§ **What to work on**
The data below holds the lines to copy: everything from the line containing "e Cabanas Perau" to the line containing "Teach Molaise Inishmurray Island", both ends included, set down exactly.

═══ Data for review ═══

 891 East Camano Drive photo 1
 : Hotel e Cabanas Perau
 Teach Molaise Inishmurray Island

═══
═══ Data for review ═══

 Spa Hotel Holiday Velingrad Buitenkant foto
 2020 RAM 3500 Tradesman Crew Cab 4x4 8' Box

═══
═══ Data for review ═══

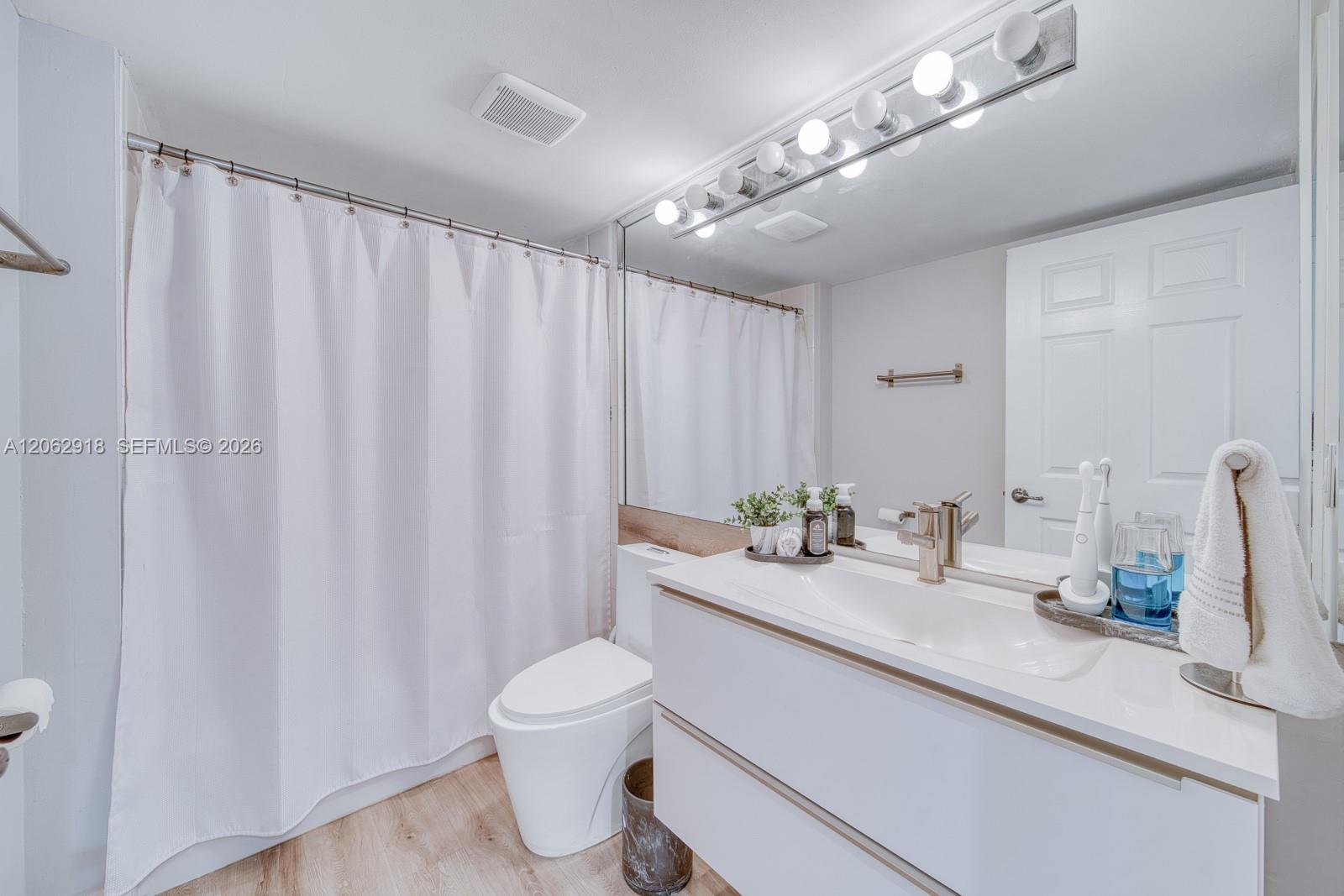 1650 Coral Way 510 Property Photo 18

═══

§ **Reply**
 : Hotel e Cabanas Perau
 Teach Molaise Inishmurray Island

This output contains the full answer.